I'd like to add just a little to the general topic of "what I should expect". much of the TBH literature isn't written to the case when you are installing a package into a brand new hive", so here's what I've discovered in my first two weeks:
1. They festooned and obscured any potential comb, so I had to wait about a week before I could see if they were building straight comb, when I could get to them, I saw they weren't NOTICE: all these ideas came from the forum
2.: The comb is slightly more rigid than Jello; not only that, bees are adding their weight to it. very gently
3. There are techniques for replacing the bars without stepping on someone's toes.
4. We cut back some bent comb (back to the bend) but it sprang back into a curve; we should have forced the comb back in place and either held it in place with a pin (perhaps an upolstery pin (the one about 1 1/2" long with a "T" on top) or by simply smooshing the comb into the foundation.
5. you can't work the comb inside the hive; build yourself a quicky 2 bar stand upon which you can set the bars; then you can leisurly look at the frame, and if needed, gently move them off the comb. The books say they don't like to be brushed, even with a bee brush. So what do you use?

Hope this helps - Mike
Oh, did I say "you can't rush" each bar must have taken me 7 minutes; but I was scared.


----------



## mhorowit (Sep 25, 2011)

Oh, and read that thread on "using hairclips" the various comb support will save you from going frantic when something drops (thud) - Mike


----------



## mrobinson (Jan 20, 2012)

I opened my TBH hive too-early, after only three days, to retrieve the queen cage (direct release on bottom of hive), and that turned out to be a mistake because I inadvertently picked up a bar at the wrong end of one enclosure and a bit of brand-new comb dropped. (I left it.) It turns out that the cage was empty (as I actually knew it would be because I'd observed the queen starting to head for the exit), and was being ignored by the bees. The colony was entirely lumped at one end of the enclosure.

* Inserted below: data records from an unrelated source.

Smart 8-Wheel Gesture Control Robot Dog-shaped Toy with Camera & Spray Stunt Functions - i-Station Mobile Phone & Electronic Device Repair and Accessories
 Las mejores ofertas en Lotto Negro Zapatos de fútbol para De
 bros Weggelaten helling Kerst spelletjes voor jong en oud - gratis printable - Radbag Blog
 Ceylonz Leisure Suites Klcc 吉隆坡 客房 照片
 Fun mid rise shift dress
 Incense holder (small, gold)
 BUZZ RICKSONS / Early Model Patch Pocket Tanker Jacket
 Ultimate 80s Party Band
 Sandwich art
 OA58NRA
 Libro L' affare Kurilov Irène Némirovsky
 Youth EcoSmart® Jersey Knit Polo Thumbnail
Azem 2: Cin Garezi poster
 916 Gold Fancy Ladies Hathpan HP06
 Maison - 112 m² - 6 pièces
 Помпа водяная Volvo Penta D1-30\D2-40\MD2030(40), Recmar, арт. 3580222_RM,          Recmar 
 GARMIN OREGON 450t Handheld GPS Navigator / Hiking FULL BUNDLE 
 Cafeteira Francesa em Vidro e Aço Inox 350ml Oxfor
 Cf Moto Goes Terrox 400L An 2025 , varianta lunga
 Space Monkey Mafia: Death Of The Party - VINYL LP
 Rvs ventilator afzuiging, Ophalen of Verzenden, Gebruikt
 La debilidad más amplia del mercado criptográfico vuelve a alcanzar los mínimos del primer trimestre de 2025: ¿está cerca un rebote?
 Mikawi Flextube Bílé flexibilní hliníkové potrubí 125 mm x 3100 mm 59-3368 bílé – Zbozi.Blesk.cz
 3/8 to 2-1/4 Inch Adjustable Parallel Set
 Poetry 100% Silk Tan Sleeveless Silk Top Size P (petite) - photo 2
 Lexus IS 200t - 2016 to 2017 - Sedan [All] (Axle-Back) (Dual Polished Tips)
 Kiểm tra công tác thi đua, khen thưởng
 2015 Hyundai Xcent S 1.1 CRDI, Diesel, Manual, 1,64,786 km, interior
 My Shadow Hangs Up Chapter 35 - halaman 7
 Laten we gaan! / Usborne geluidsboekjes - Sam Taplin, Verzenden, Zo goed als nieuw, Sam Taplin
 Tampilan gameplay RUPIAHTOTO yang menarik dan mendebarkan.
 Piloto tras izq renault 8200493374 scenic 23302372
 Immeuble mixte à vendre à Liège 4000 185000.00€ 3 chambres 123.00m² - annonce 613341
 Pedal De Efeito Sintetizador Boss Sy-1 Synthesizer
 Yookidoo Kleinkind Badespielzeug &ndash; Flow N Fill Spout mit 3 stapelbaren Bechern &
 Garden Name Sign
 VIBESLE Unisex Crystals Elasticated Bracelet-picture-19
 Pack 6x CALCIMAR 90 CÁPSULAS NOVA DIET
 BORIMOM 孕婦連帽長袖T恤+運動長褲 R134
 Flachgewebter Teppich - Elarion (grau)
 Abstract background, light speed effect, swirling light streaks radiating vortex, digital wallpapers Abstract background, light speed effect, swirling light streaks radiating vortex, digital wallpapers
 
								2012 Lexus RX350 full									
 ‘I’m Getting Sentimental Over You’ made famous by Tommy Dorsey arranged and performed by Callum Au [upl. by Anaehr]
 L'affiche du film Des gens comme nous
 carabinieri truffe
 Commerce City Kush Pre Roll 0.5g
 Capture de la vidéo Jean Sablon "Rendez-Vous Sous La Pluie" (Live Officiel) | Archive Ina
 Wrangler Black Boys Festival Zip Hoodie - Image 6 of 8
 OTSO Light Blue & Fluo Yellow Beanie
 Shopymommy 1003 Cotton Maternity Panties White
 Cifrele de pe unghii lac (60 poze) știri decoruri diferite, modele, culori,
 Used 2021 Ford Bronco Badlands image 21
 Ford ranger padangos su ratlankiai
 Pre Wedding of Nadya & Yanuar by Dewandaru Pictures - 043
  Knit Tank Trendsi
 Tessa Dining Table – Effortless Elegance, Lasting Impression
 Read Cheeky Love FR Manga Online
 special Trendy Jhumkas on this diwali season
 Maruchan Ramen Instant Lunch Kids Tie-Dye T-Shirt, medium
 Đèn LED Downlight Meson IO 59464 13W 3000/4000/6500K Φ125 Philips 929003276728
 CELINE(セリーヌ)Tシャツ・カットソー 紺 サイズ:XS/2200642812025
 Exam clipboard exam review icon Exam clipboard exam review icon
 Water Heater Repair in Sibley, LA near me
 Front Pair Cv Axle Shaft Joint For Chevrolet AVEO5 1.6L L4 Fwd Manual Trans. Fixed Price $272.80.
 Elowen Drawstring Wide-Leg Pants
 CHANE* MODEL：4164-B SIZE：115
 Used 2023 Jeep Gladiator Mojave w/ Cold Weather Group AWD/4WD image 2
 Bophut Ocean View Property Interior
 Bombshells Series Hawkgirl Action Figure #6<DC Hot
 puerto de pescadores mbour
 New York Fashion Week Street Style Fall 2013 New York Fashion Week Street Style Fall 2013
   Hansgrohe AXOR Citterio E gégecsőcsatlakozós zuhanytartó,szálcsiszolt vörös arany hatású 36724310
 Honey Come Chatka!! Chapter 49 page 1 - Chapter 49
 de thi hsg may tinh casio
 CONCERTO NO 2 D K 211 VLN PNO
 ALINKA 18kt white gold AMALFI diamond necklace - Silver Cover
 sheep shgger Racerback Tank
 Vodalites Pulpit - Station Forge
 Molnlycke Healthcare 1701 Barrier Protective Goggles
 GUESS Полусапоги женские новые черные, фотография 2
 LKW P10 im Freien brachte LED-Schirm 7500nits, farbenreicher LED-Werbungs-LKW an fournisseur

In a couple _weeks,_ I'll check again to see if any comb-straightening needs to be done. I can see that I should have left them entirely alone at this point.

I use a bee brush and find it to be an invaluable tool: with a lazy, gentle sweep of your hand, you can gently move a bee out of the way without disturbing her. When lowering bars into place (first one side, then the other) you can brush the curious out of the way, pushing the bristles into the opening to make them move aside. Anything that you at first instinct would do with your _hand,_ you instead do slowly and gently with the _brush._


----------



## Hazenbees (Apr 19, 2012)

Thanks for the reply's, I appreciate the help! I don't have a bee brush yet and have been gently blowing on the bees to move them off of the comb. It's not the best way to get them off the comb but works well enough. I also used my finger to gently move them but they clung to my glove like glue! I made the mistake of changing the positions of the topbars to seperate the bee clusters hoping to get them to even out the amt of comb throughout the hive. I didn't know this was a mistake until I watched a Dadant video and the keeper there said that changing the order of the bars messes with how the bees set up brood comb for the queen to lay eggs in. I'm going to change them back to the way they were today and pray that I haven't ruined the brood comb. Stupid beginners mistake! Any ideas on this? Should I just leave it alone and hope for the best or change it back to the way it was?


----------



## mrobinson (Jan 20, 2012)

_New-bee_ here, but my guess would be to leave them "bee." Whatever mistake you made they'll fix: they're building the whole hive from scratch anyhow. 

I numbered the bars and put an arrow on one end. Blowing on 'em doesn't work well, and your breath has carbon dioxide. 

That very soft long-handled brush _(e.g._ http://www.bee-outside.com/beebrush.aspx) is the only "official" tool that I bought, but it's tremendously useful. I try to tell myself, _"at all times, my left hand_ (I'm left-handed...)_ should be holding a brush. If I put the brush down to do something else, I'm going to notice where I put it, and when I'm finished, I'm going to pick-up that brush again." _Anything I would do 'with my hands,' I will instead do 'with the brush.'" I move the brush "leisurely, and with no force at all." (Even if *ouch!*)


----------



## Beev (Jul 16, 2011)

The bees know what they want. Let em do their thing. The only thing you want to fix at this point is crooked comb.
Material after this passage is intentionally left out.